#### Task objective
Which lines in the records below mention the word "with"? Copy each one out.

(Caption-style text data)
################
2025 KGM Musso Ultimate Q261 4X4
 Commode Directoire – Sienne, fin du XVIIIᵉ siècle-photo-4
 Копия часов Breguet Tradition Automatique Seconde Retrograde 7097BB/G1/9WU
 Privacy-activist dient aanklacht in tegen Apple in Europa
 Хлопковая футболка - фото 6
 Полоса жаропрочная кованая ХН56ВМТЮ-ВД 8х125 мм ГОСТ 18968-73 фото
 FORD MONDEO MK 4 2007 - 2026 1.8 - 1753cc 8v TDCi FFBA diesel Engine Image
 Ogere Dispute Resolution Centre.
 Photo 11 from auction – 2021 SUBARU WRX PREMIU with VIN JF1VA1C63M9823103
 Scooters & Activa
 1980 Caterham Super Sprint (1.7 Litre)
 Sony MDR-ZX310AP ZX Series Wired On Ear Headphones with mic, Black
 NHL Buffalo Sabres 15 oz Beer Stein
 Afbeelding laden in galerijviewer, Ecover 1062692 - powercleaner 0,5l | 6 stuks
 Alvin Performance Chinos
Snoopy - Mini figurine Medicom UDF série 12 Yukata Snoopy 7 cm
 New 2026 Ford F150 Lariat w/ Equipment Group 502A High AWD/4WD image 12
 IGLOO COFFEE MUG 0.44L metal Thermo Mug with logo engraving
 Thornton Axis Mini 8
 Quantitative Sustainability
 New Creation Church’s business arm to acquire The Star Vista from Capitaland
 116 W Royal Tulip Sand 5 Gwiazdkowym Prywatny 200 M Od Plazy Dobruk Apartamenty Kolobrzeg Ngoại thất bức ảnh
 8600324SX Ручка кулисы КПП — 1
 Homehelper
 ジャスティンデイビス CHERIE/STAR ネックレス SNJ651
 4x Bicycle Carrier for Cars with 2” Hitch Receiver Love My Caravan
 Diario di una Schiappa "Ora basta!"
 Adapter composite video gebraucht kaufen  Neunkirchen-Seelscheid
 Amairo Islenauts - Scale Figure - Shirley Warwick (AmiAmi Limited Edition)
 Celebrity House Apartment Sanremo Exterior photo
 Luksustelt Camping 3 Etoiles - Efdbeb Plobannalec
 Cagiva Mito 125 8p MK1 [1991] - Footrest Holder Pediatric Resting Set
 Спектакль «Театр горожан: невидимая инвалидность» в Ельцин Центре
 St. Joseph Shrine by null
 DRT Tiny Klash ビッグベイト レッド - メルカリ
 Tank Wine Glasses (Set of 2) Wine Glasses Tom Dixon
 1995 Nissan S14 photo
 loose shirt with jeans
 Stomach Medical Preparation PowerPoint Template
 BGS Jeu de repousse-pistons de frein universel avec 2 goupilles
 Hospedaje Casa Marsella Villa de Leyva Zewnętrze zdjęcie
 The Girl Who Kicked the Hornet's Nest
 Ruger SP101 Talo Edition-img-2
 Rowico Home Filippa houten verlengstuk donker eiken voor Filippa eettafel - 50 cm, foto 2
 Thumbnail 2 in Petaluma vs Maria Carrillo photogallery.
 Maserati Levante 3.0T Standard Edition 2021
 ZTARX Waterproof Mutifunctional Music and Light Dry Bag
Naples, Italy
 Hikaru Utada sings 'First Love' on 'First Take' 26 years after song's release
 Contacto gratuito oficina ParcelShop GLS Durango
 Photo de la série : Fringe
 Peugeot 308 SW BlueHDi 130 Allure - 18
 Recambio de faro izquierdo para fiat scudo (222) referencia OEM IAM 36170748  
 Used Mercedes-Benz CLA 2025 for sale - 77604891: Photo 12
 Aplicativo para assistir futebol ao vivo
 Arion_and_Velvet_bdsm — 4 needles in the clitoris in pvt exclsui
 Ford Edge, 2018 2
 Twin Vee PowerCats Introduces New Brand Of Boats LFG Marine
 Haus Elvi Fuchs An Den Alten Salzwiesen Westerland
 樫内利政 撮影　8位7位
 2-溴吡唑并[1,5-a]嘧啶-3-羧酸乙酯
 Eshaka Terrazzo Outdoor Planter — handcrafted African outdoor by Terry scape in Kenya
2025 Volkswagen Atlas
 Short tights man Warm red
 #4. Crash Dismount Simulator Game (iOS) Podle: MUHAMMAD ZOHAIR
################
#### Result
 Photo 11 from auction – 2021 SUBARU WRX PREMIU with VIN JF1VA1C63M9823103
 Sony MDR-ZX310AP ZX Series Wired On Ear Headphones with mic, Black
 IGLOO COFFEE MUG 0.44L metal Thermo Mug with logo engraving
 4x Bicycle Carrier for Cars with 2” Hitch Receiver Love My Caravan
 loose shirt with jeans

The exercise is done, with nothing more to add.